■ Aim of the exercise
Starting at the top line and ending at the last, restate the records exactly.

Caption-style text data
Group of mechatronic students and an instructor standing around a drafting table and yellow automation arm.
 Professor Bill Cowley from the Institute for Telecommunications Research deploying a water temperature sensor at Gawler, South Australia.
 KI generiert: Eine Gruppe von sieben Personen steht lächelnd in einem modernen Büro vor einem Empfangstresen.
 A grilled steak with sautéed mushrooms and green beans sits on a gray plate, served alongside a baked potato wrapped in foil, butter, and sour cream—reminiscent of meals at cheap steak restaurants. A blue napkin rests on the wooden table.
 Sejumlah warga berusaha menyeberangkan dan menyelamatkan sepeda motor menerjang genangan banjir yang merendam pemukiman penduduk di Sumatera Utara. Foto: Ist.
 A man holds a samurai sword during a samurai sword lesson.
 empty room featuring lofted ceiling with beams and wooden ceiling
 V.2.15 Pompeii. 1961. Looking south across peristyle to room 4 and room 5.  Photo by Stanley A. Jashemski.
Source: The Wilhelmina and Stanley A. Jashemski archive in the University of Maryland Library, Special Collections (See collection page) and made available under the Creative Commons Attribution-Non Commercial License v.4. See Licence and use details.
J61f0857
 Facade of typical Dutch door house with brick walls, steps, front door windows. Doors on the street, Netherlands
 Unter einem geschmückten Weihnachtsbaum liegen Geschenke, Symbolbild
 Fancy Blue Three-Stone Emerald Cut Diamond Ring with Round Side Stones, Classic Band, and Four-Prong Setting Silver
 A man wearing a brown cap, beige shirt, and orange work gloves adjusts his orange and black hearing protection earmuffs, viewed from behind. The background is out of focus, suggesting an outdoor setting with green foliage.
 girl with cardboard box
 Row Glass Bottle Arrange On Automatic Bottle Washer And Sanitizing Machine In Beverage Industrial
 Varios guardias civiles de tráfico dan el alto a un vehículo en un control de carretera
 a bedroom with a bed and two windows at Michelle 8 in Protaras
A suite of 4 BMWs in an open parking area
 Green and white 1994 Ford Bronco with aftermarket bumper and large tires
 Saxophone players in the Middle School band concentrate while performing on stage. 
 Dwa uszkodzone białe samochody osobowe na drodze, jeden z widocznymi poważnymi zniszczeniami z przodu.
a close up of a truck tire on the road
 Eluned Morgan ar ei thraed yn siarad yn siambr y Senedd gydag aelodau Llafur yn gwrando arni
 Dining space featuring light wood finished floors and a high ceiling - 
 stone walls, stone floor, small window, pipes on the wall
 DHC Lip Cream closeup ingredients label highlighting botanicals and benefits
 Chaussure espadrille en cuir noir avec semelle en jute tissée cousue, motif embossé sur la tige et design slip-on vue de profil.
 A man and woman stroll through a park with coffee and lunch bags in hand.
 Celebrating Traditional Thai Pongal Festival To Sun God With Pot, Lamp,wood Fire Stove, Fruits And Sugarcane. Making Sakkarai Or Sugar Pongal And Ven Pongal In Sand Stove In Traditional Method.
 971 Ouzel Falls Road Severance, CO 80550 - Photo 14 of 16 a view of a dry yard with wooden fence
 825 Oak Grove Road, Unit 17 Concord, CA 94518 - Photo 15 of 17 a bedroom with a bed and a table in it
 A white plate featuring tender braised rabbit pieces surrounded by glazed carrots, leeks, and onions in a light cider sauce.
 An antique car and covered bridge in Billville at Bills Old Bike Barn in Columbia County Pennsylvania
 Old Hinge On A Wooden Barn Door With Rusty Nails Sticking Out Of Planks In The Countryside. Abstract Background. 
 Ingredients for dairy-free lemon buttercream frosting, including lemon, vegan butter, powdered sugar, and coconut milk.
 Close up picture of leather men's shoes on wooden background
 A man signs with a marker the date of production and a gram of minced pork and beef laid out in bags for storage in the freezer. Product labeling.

■ Reply to the task
Group of mechatronic students and an instructor standing around a drafting table and yellow automation arm.
 Professor Bill Cowley from the Institute for Telecommunications Research deploying a water temperature sensor at Gawler, South Australia.
 KI generiert: Eine Gruppe von sieben Personen steht lächelnd in einem modernen Büro vor einem Empfangstresen.
 A grilled steak with sautéed mushrooms and green beans sits on a gray plate, served alongside a baked potato wrapped in foil, butter, and sour cream—reminiscent of meals at cheap steak restaurants. A blue napkin rests on the wooden table.
 Sejumlah warga berusaha menyeberangkan dan menyelamatkan sepeda motor menerjang genangan banjir yang merendam pemukiman penduduk di Sumatera Utara. Foto: Ist.
 A man holds a samurai sword during a samurai sword lesson.
 empty room featuring lofted ceiling with beams and wooden ceiling
 V.2.15 Pompeii. 1961. Looking south across peristyle to room 4 and room 5.  Photo by Stanley A. Jashemski.
Source: The Wilhelmina and Stanley A. Jashemski archive in the University of Maryland Library, Special Collections (See collection page) and made available under the Creative Commons Attribution-Non Commercial License v.4. See Licence and use details.
J61f0857
 Facade of typical Dutch door house with brick walls, steps, front door windows. Doors on the street, Netherlands
 Unter einem geschmückten Weihnachtsbaum liegen Geschenke, Symbolbild
 Fancy Blue Three-Stone Emerald Cut Diamond Ring with Round Side Stones, Classic Band, and Four-Prong Setting Silver
 A man wearing a brown cap, beige shirt, and orange work gloves adjusts his orange and black hearing protection earmuffs, viewed from behind. The background is out of focus, suggesting an outdoor setting with green foliage.
 girl with cardboard box
 Row Glass Bottle Arrange On Automatic Bottle Washer And Sanitizing Machine In Beverage Industrial
 Varios guardias civiles de tráfico dan el alto a un vehículo en un control de carretera
 a bedroom with a bed and two windows at Michelle 8 in Protaras
A suite of 4 BMWs in an open parking area
 Green and white 1994 Ford Bronco with aftermarket bumper and large tires
 Saxophone players in the Middle School band concentrate while performing on stage. 
 Dwa uszkodzone białe samochody osobowe na drodze, jeden z widocznymi poważnymi zniszczeniami z przodu.
a close up of a truck tire on the road
 Eluned Morgan ar ei thraed yn siarad yn siambr y Senedd gydag aelodau Llafur yn gwrando arni
 Dining space featuring light wood finished floors and a high ceiling - 
 stone walls, stone floor, small window, pipes on the wall
 DHC Lip Cream closeup ingredients label highlighting botanicals and benefits
 Chaussure espadrille en cuir noir avec semelle en jute tissée cousue, motif embossé sur la tige et design slip-on vue de profil.
 A man and woman stroll through a park with coffee and lunch bags in hand.
 Celebrating Traditional Thai Pongal Festival To Sun God With Pot, Lamp,wood Fire Stove, Fruits And Sugarcane. Making Sakkarai Or Sugar Pongal And Ven Pongal In Sand Stove In Traditional Method.
 971 Ouzel Falls Road Severance, CO 80550 - Photo 14 of 16 a view of a dry yard with wooden fence
 825 Oak Grove Road, Unit 17 Concord, CA 94518 - Photo 15 of 17 a bedroom with a bed and a table in it
 A white plate featuring tender braised rabbit pieces surrounded by glazed carrots, leeks, and onions in a light cider sauce.
 An antique car and covered bridge in Billville at Bills Old Bike Barn in Columbia County Pennsylvania
 Old Hinge On A Wooden Barn Door With Rusty Nails Sticking Out Of Planks In The Countryside. Abstract Background. 
 Ingredients for dairy-free lemon buttercream frosting, including lemon, vegan butter, powdered sugar, and coconut milk.
 Close up picture of leather men's shoes on wooden background
 A man signs with a marker the date of production and a gram of minced pork and beef laid out in bags for storage in the freezer. Product labeling.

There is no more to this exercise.